Always cheat, always win — the only fair fight is the one you lose.
Unmagnified optics, like an EOTech or an Aimpoint Micro or even a pair of regular iron sights, are perfect for close range shots. Their lack of magnification means the shooter is more aware of their surroundings (instead of being “pulled into the scope” and losing situational awareness) and transitioning from target to target is much easier. And while they may not have pinpoint precision accuracy they’re good enough to get the job done.
Magnified optics, such as a telescopic sight, provide exceptional accuracy at distance. Steel plates at 600 yards are no problem for those with some glass on their gun, and when a precision shot is required there’s no substitute for a finely tuned and well zeroed scope.
The issue is that in competition shooting, for the more popular divisions you need to choose one magnified or electronic optic as your primary optic and that’s it — no piggyback red dots or even laser sights are allowed. The loophole through which we competition shooters regularly drive our trucks is that iron sights (which are unmagnified and unpowered) don’t count. So, in theory, you can have as many as you want on your gun without penalty.
The benefit to offset iron sights comes when you have a “high power” scope on your gun.
Some variable power telescopic sights (like this Swarovski I reviewed) are manufactured to be able to have the magnification essentially turned off and let the sight work as if it were a red dot. However, the low minimum magnification limits how high the maximum magnification can be, so you end up in the 4-5x range as your maximum magnification.

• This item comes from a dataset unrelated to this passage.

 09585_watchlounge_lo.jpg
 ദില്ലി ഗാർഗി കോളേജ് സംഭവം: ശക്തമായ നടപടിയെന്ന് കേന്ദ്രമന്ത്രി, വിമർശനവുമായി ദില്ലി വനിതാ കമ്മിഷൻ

Higher power scopes can go anywhere from 9x (like my Accupoint) to 25x, giving the shooter a distinct advantage with long distance targets. However, unlike the Swarovski these scopes can’t go all the way down to 1x. My Accupoint only goes down to 3x, which is enough magnification to make transitioning from target to target just a tad slower.
The solution to needing the ability to reach out and ping long distance steel while still being able to “BUST ‘EM” all over the close distance targets is offset iron sights. Offset irons allow you to use a high power scope as your “primary” optic while still being useful for short range targets.

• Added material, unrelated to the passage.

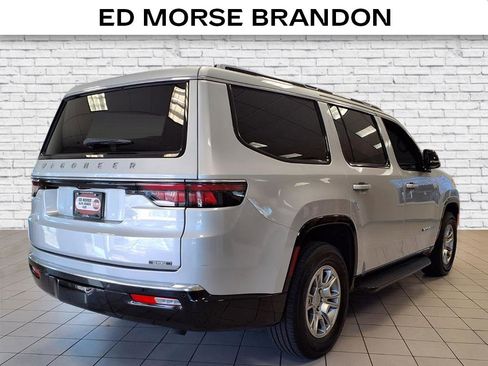 Used 2024 Jeep Wagoneer 2WD image 5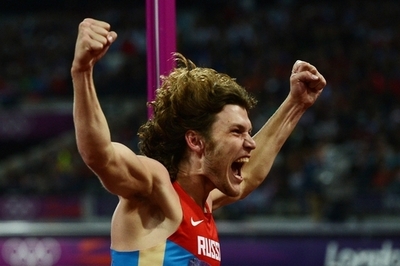 ウホフが男子走り高跳びで金メダルを獲得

This video (now close to 2 years old) shows my first adventure with offset iron sights and nicely illustrates their usage. Instead of having to remove your optic or reconfigure your rifle, offset irons gives you the ability to simply rotate the gun about 45 degrees to one side and then run the gun the exact same way you would if you were using the primary optic. The controls and the trajectory remain the same, and as long as you’ve properly zeroed the iron sights in the new position your shots will be just as accurate as if they were mounted up top.
Here’s a better video that illustrates the real power behind offset irons (start at 1:45 and ignore me dropping my magazines by accident). On a variable zoom scope with a 1x setting you would need to manually operate the controls on the scope to bring it down to 1x or live with the higher power setting when going for the four close targets behind the barricade, costing you time or possibly throwing your shots off target. With offset irons all you need to do is quickly rotate the gun 45 degrees and you have a pair of iron sights ready to go, no messing around with controls.

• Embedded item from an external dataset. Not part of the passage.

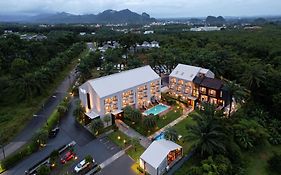 เดอะ ชิลล์ แอท กระบี่ โฮเต็ล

Especially on stages that require precision shots (like the above stage, where the distance targets had an “A” zone about 1 inch square) followed immediately by “rapid” shots the ability to quickly transition between a magnified optic and an unmagnified optic can mean gaining back precious seconds against the competition.
Offset iron sights give the shooter the option to have a high powered scope and a set of iron sights simultaneously available and gives them the ability to switch between the two almost instantly without changing the ergonomics of the firearm or altering the trajectory. For those who fancy themselves precision shooters and live for the distance shots yet still want to be able to post a competitive score offset iron sights offer a cheap option that keeps them in their current division but still lets them have that leg up over the other competitors.
Whether or not you need offset iron sights is up to you. Frankly I’ve been so impressed with my .300 BLK red dot powered AR-15 build, a rifle which has no magnified optics and so requires no offset iron sights, that I’m going to try running that for a while and let my Pretty Princess competition rifle enjoy some time as a safe queen. But on a scoped rifle it really does make a lot of sense.